The agriculture industry contributes around 20 percent to the GDP while employing 40 percent of the working population in Vietnam. However, both numbers are predicted to decline in the near future. To ensure a sustainable growth going forward, the industry needs to move towards high-tech farming and value chain development to reduce costs, increase production, and achieve better product quality.
The sector continues to suffer from low product quality and climate change which reduces its competitiveness. The government has taken note of these issues and pledged to offer numerous incentives to farmers, cooperatives, and private firms to encourage investments in high-tech farming solutions in Vietnam. Currently, high-tech agricultural products only contribute around a quarter of the total value of agricultural products, leaving significant room for growth.
High-tech farming firms
According to a new decision by the Prime Minister, there are certain procedures and criteria that need to be fulfilled by a firm for it to be recognized as a high-tech agricultural firm. These include:
- Use of high-tech applications as mentioned in Article 5 of Law on High Technologies. It includes information technology, biotechnology, new material technology, and automation technology;
- Producing quality products of higher value through high-tech applications and ensuring that revenues of such products account for at least 60 percent of the total revenue;
- Conducting R&D activities for production, with total R&D spending accounting for at least 0.5 percent of the total revenue, and ensuring that more than 2.5 percent of the total employees are graduates involved in R&D; and
- Applying environmental friendly and energy efficient solutions.
In the last decade, only 29 agricultural production zones and 20 firms have used technology in their production process in Vietnam. Most of these entities are in Bac Ninh, Lam Dong, HCM City, Vinh Phuc, Thai Nguyen, and Mekong Delta. These regions also lead in terms of high-tech agricultural cooperatives.
As of January 2017, there are around 12,000 agricultural cooperatives in Vietnam, with only 193 being high-tech cooperatives. Around 85 percent of these focus on plantation and forestry, while nine percent and six percent focus on animal husbandry and aquaculture respectively. Around two-thirds of the country’s 63 provinces and cities have established high-tech cooperatives, with Central Highlands and Mekong Delta leading with 57 and 35 cooperatives respectively. Lam Dong and Long An lead amongst provinces, at 36 and 14 cooperatives respectively.

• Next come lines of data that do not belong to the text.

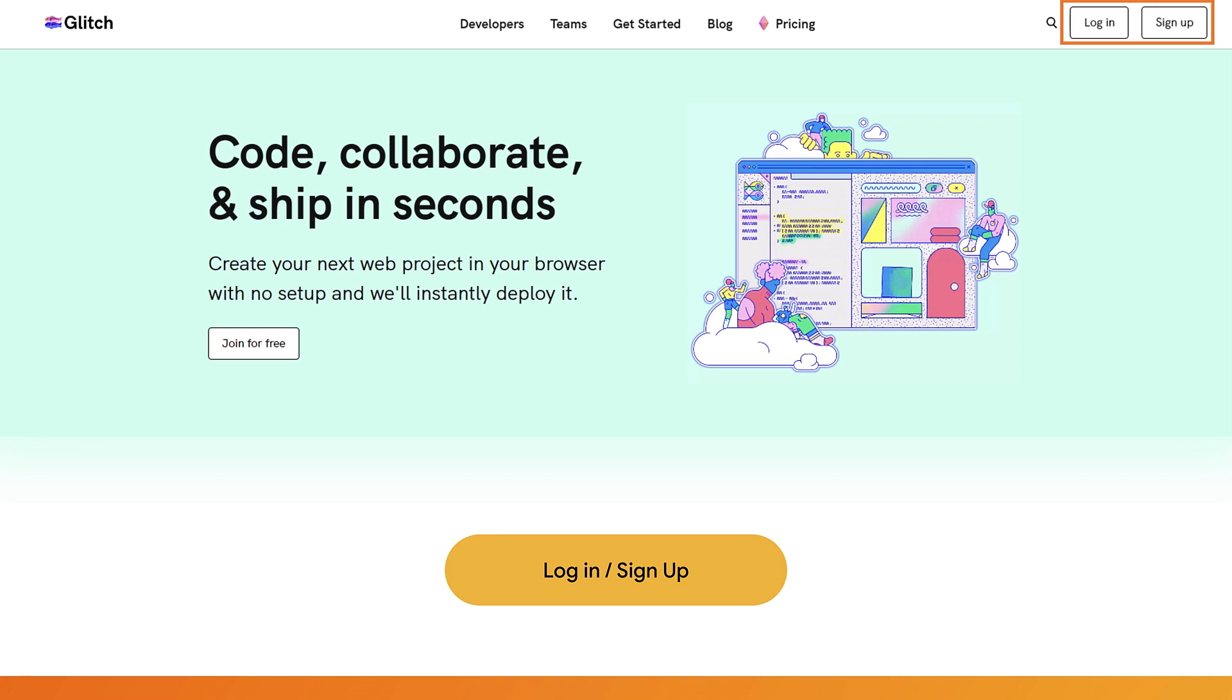You may also choose not to log in, but do note that anything you create will not be saved if you choose to close your browser window. Okay, so I'll wait for you to sign in. Go ahead and pause the video and continue when you're ready.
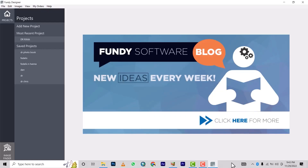Hi ladies and gentlemen, welcome back to my YouTube channel. I'm your host Victor Shamaki, and today I'll be taking you on a journey on how to design a photo book on Fundi Designer. Last time we were able to learn how to install the photo book, and today I'll be showing you how I design my photo book. So without any further ado, let's get started.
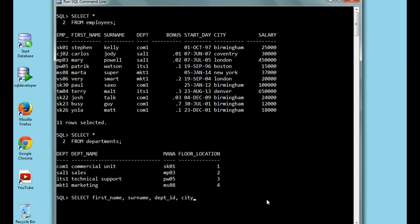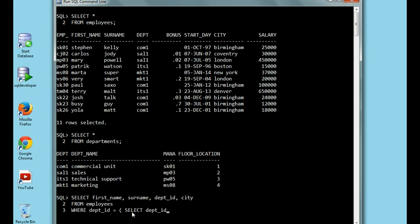We're going to SELECT first_name, surname, department_ID, city FROM employees as the main query. Then WHERE department_ID equals — and the secondary query starts here — FROM departments, which is this table here.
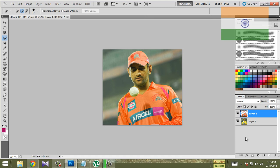Now you can do the dress. You can cut the dress and change the dress color. Okay friends, thanks for watching. If you like this video, please like and subscribe.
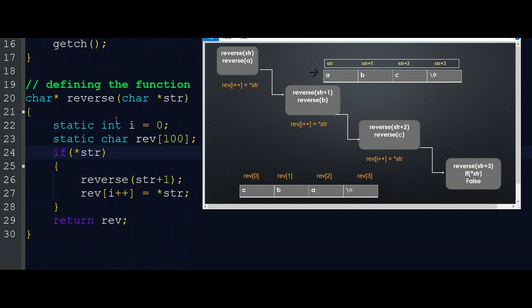When executing reverse(str) pointing to 'a', we come into the function. Since the value at str is 'a', and 'a' is not 0, the condition is true and this block executes. Inside, the function calls reverse(str+1), meaning reverse(b). So reverse(a) says: please execute reverse(b) first. The remaining statement after that call in reverse(a) is now pending, and control goes to reverse(b).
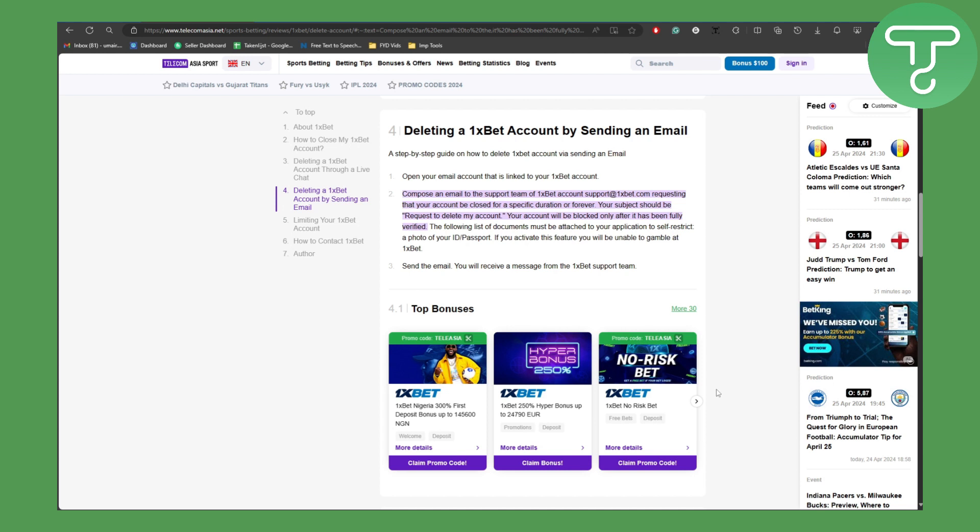The email address is account.support@1xbet.com, requesting that your account has been closed for a specific duration or forever.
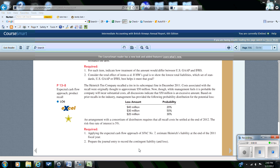In this demonstration video we're going to be looking at the expected cash flow approach to estimating the amount of contingent liability. We're going to be using problem 13-8, and in this problem we'll be looking at a product recall. This is very similar to a warranty expense, except here we know there is a particular problem. If you have owned vehicles, there's a good chance that over the life of the vehicle there may be one or more recalls.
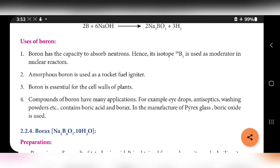Uses of boron: Boron has the capacity to absorb neutrons, hence its isotope boron-10 is used as a moderator in nuclear reactors. Amorphous boron is used as a rocket fuel igniter. Boron is essential for the cell walls of plants. Compounds of boron have many applications — for example, eye drops, antiseptics, and washing powders contain boric acid and borax. Boric oxide is used in the manufacture of Pyrex glass. Next topic is borax, Na₂B₄O₇·10H₂O.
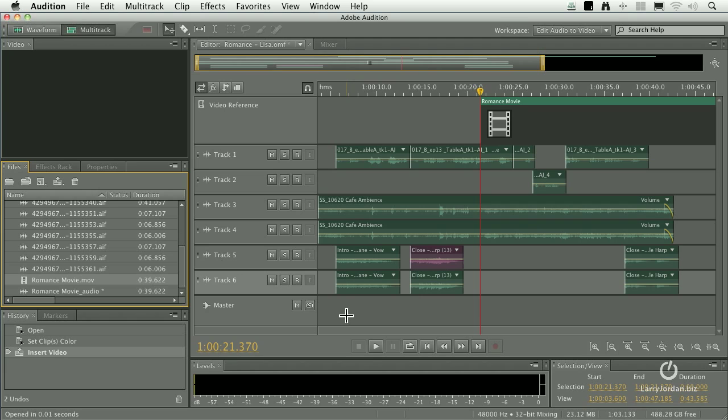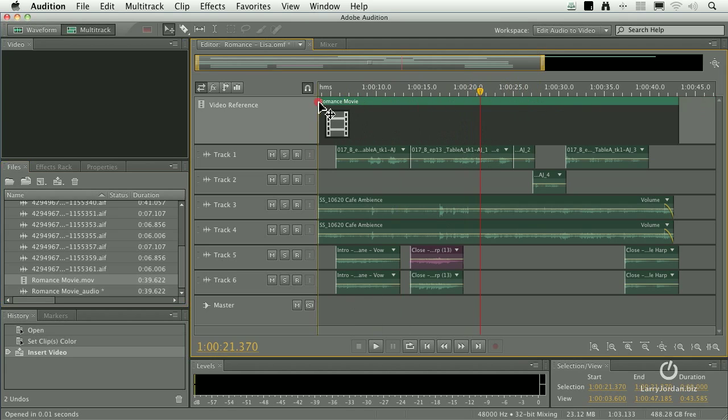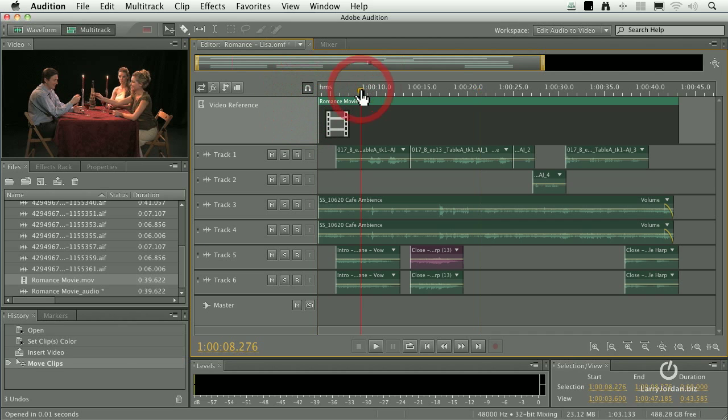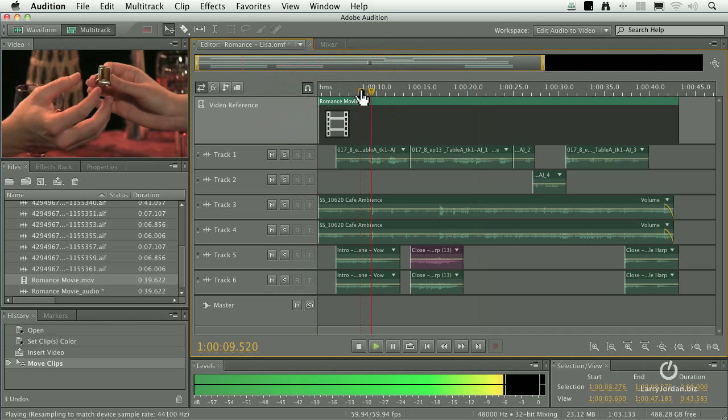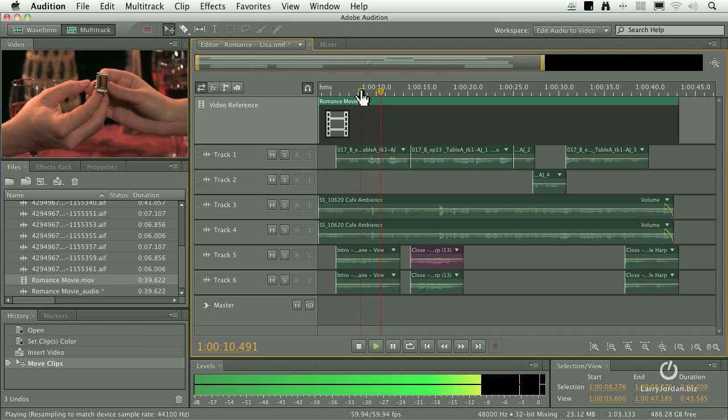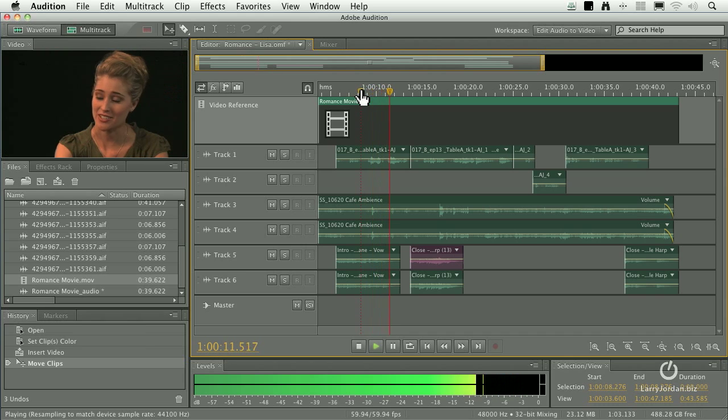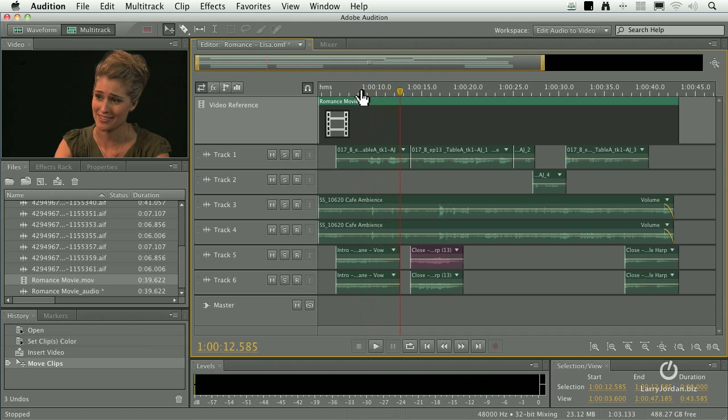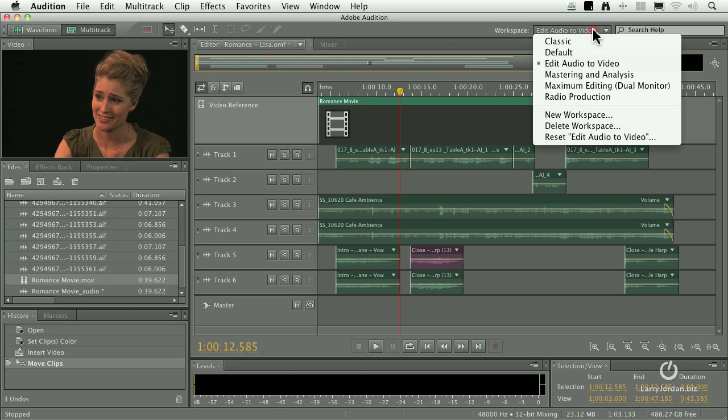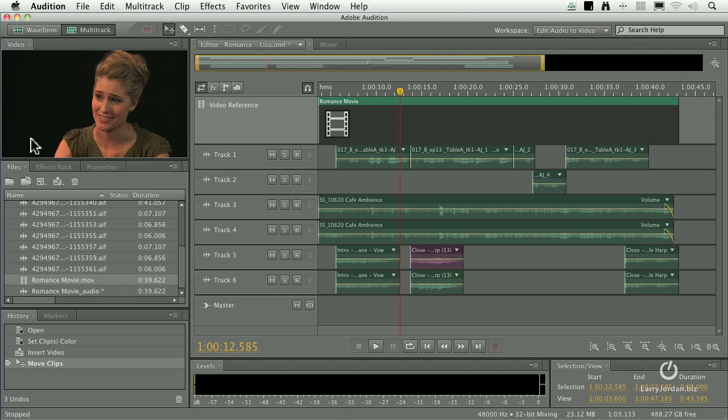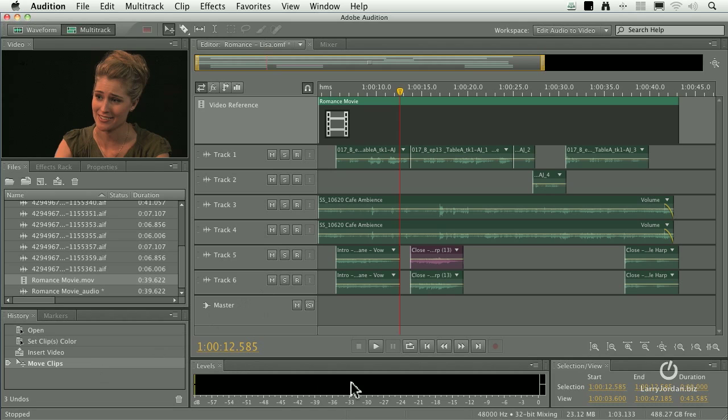How do we fix it? You grab the clip and you drag it all the way to the left. Now when you play it, everything is back in sync. And because I switched my workspace to edit audio to video, I'm able to see my picture, keep track of my files, and see the history, the list of what I've done to this particular project.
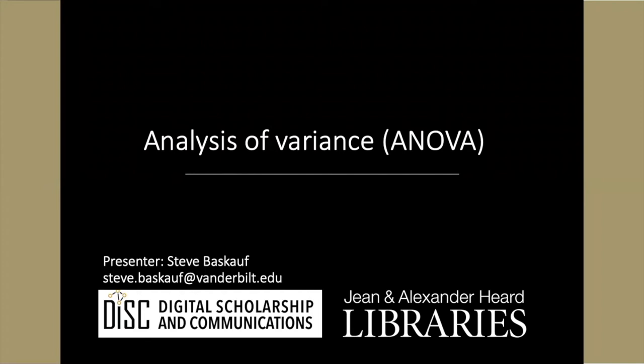My name is Steve Baskoff. I'm with the Digital Scholarship and Communications Office of the Jean and Alexander Heard Libraries of Vanderbilt University.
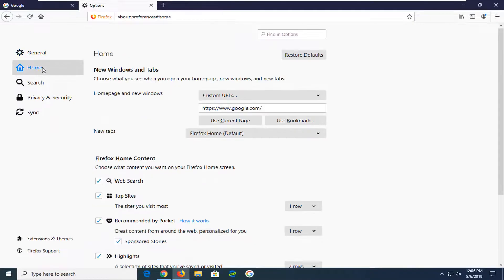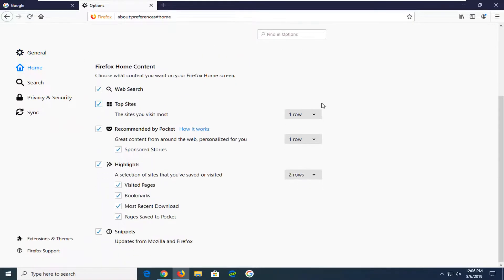Select the home tab on the left side, and now scroll down underneath snippets, updates from Mozilla and Firefox.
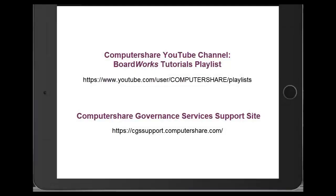That concludes this video. For further videos on how to use BoardWorks, please see the BoardWorks tutorials playlist in the Computershare YouTube channel. A PDF Director's User Guide is available in the Help section of the application and copies of the videos and the Director's Guide can be found on the CGS support site.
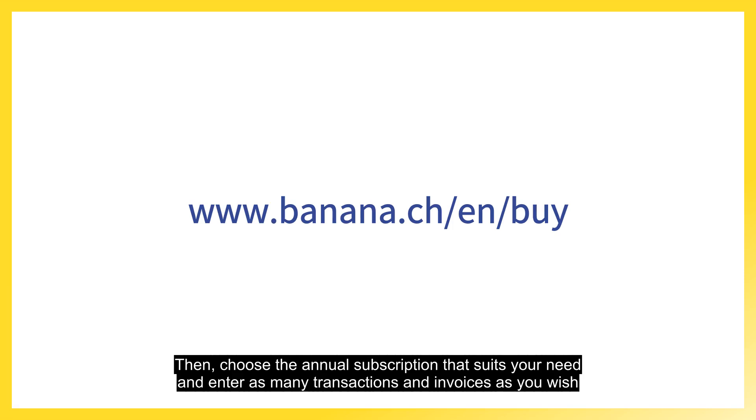Then, choose the annual subscription that suits your need and enter as many transactions and invoices as you wish.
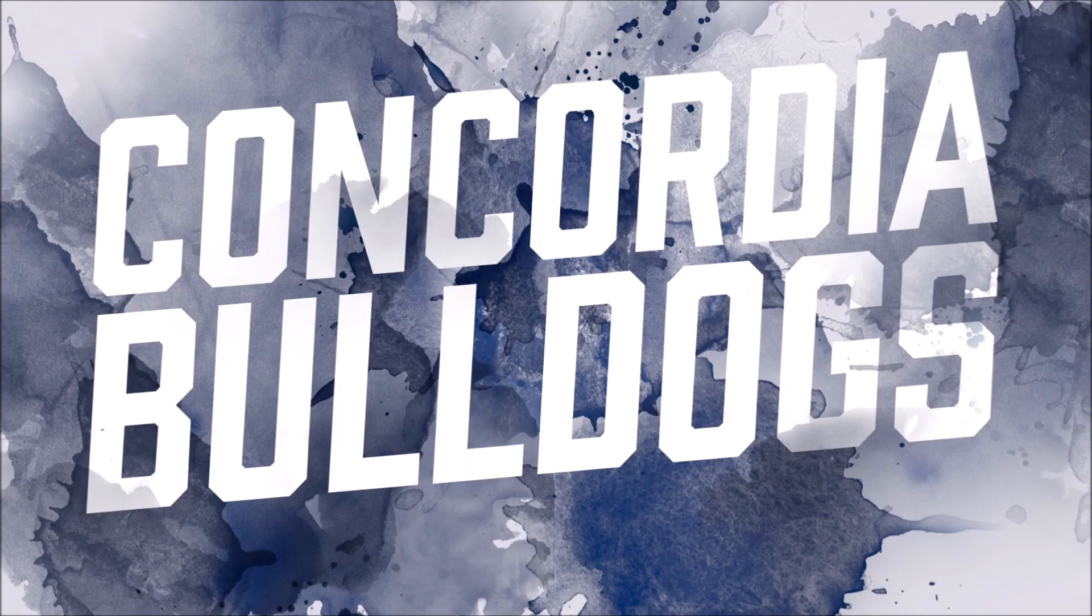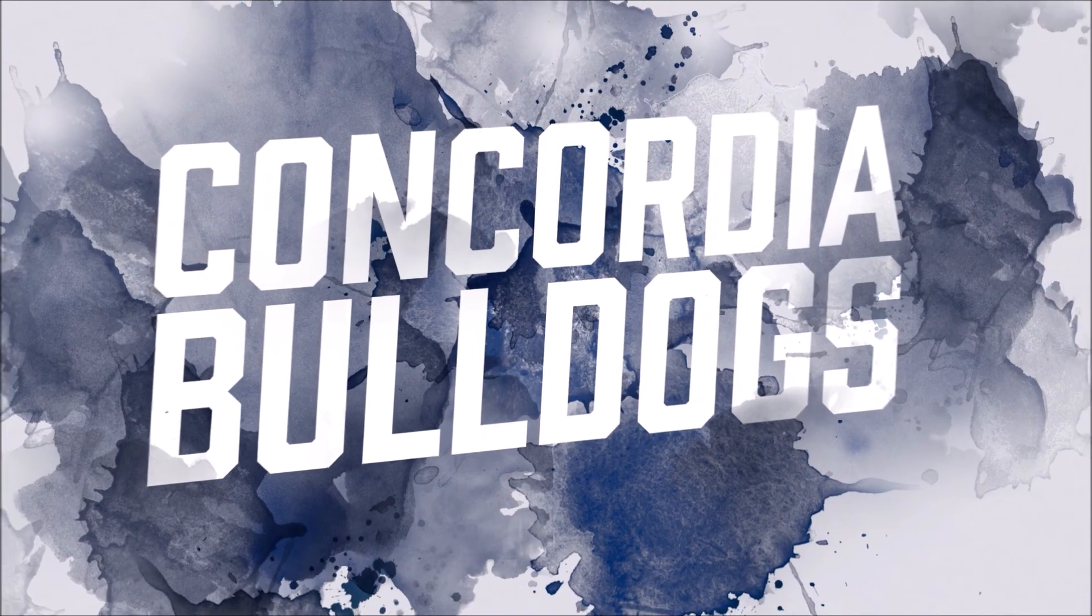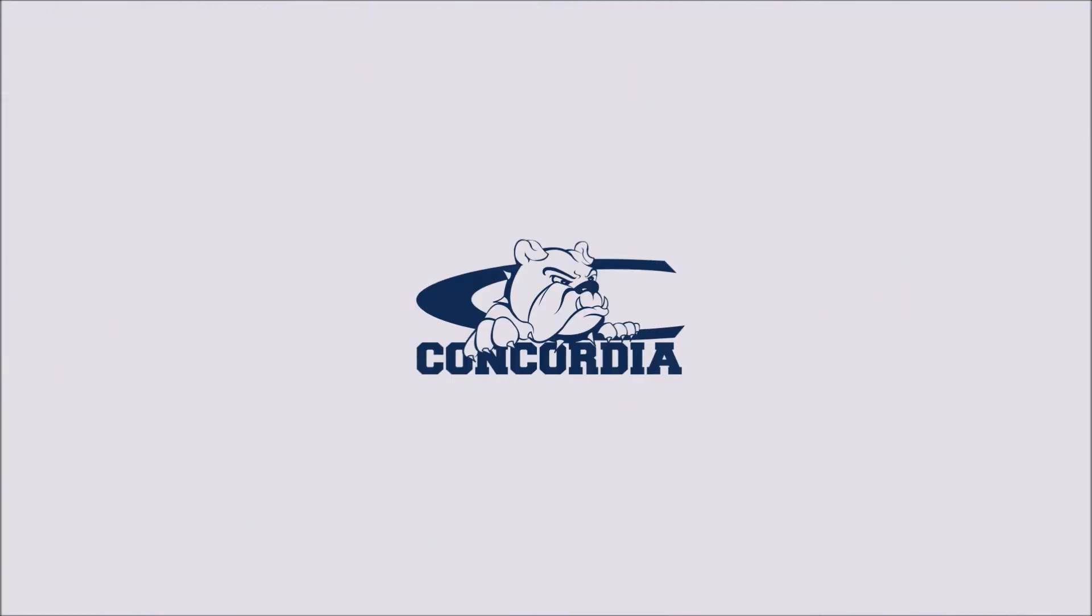There you go. Concordia football coach, Patrick Dabberco. Coach, appreciate it. Home opening win for the Bulldogs. Now one and one on the season. Take on Dort at 1 p.m. next Saturday. Coach, have a good rest of your weekend and we'll talk to you soon. Awesome. Thanks. All right.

The Vietnamese government has introduced a number of policies and incentive schemes to attract private firms and encourage local producers to shift towards high-tech agriculture applications. In March 2017, the Prime Minister had approved a credit package worth US$4.4 billion (VND100 trillion) for high tech application loans. The loan package will allow commercial banks to provide loans at 0.5 to 1.5 percent, much lower than current commercial loans rates.
The government had also issued Decree 57/2018/ND-CP focusing on incentives and policies to increase investments in agriculture and development of rural areas. It focuses on land rights and rents, reductions and exemptions in taxes, and financial support from provincial and national development programs for R&D and technology transfer.
The Prime Minister has approved a master plan on developing high-tech agriculture zones by 2020 through 2030. The plans aim to develop large-scale and modern agriculture production methods through R&D to increase quality and reduce costs. By 2030, the country aims to have at least 10 more hi-tech agricultural zones in Lao Cai, Phu Tho, Son La, Nam Dinh and Nghe An provinces and Hanoi.
In addition, the government also plans to have at least 500 hi-tech agricultural cooperatives and increase the high-tech farming production value by five times by 2020. Around 60 percent of the cooperatives would be located in production hubs such as Mekong River Delta, Red River Delta, Central Highlands, and around 30 to 40 percent of them would use automation technology models and biotechnology from the current 17 percent.
Apart from the incentives, development programs, and investments, the government will continue to reach out to countries experienced in such technologies such as Israel, South Korea, and Japan to develop training programs for high-tech farming to support local producers.
Need to do more
In addition to the development of cooperatives and agricultural zones, the government needs to increase the linkages of such entities with firms and buyers for the overall development of the value chain.
Another crucial area the State needs to invest in is training, as labor quality continues to remain low in the agriculture sector. They can do so through vocational training centers or training programs focusing on areas such as water preservation, biotech, and new material technology. The local producers need to be educated about the benefits of high-tech farming such as reduced costs, better quality, and higher production value and how it can help them to cope with the effects of climate change.